By Aritra Roy
The Gojek SuperApp is an ecosystem of 20+ products and our 2 million+ driver-partners form the backbone for most of them. While most of you may know about our consumer-facing SuperApp, our driver app is very much a SuperApp in its own right.
Driver partners depend on this app to earn their bread and butter, and the responsibility of maintaining this app lies with Gojek’s Driver Platform team — which I am a part of. If the app doesn’t work as expected for even an hour or two during peak business hours, our partners would lose a significant amount of income for that day. Not a responsibility to be taken lightly.
This is the story of our big driver app rewrite, in which I’ll share why we took this initiative, how we planned and executed it, the challenges we faced, the mistakes we made, and everything we learned in the process. I will also talk a bit about our team, our culture, the principles we follow, and the processes we built — all of which contributed towards making this a success.
Prologue: To New Beginnings
The idea for the rewrite was born sometime in early 2018. The reason: even though our app was functionally strong, there were a few important areas where we were lacking:
From a design standpoint, our app looked quite dated and boring. Our consumer-facing apps looked way more refined, polished, and modern than our driver app.

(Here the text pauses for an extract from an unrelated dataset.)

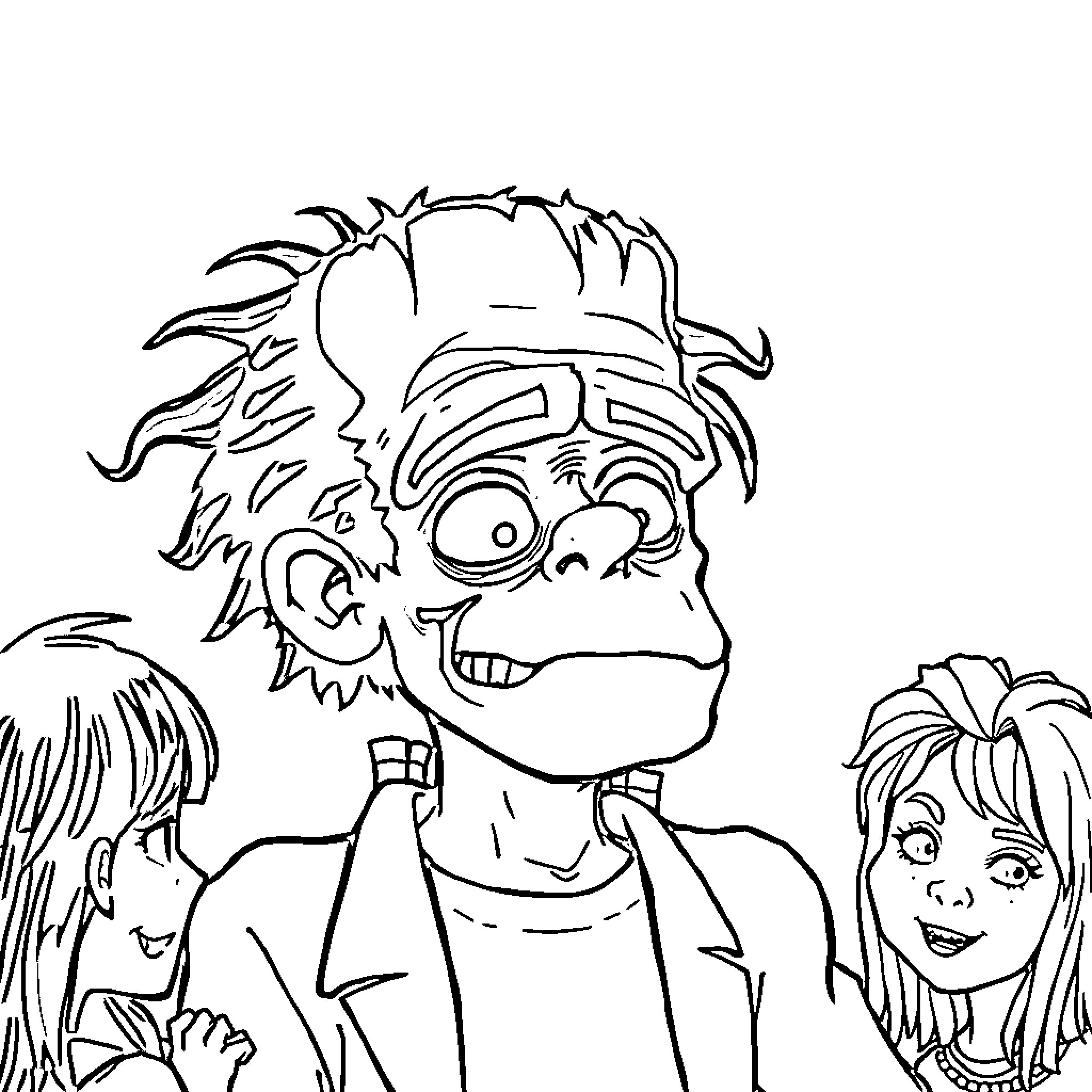 Frankenstein-like creature and companions in unusual appearance Coloring Page (free black-and-white line drawing printable PDF for all, from beginners to advanced learners, including children, teens, adults, and seniors)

Clearly, our app was desperately in need of a complete makeover. We wanted our drivers to have an equally good user experience as our consumers.
From a tech standpoint, there were some serious issues as well. Our app didn’t have a consistent and well-defined architecture in place. It was a pretty old legacy codebase we were working on. Things were quite cluttered (to put it lightly), which not only made it difficult to develop new features, but also to maintain existing ones.
With the existing architecture, it was quite difficult to support the scale at which Gojek was growing at the time.
And lastly, from an experience standpoint, things were not at their best as well. Here I am referring to the smoothness and stability of the app, and how efficiently it runs throughout the day.
For the driver app, there are a few unique challenges that made things a bit difficult for us:
- It is used by drivers on very low-end devices (512MB of RAM is not uncommon)
- It is used continuously by our drivers for 10–12 hours every day
- It needs to be battery-efficient and not drain the devices’ battery rapidly. Drivers have a tough time charging their phones multiple times a day,
- It needs to consume minimum network data and work in areas with poor network connectivity as well
These are some of the many challenges that make it quite difficult to provide an excellent and consistent user experience to all of our drivers across all devices and OS versions.
How It All Started
All of these things were bugging us for quite some time and we desperately wanted to do something about it. Making minor tweaks in our legacy codebase was not going to solve these problems. We needed something big, something fundamental — a “rewrite”.
The team was unanimously convinced that we needed a big rewrite. But we were not sure as to how we were going to pull this off given how big our app was and the new features we were continuously adding.
Approach #1: The Big Bang Rewrite
Initially, we were swayed by the idea of taking a fire-break and stopping all active development for a few months. We could use this time to work on rewriting the app and making it feature-neutral with what we already had.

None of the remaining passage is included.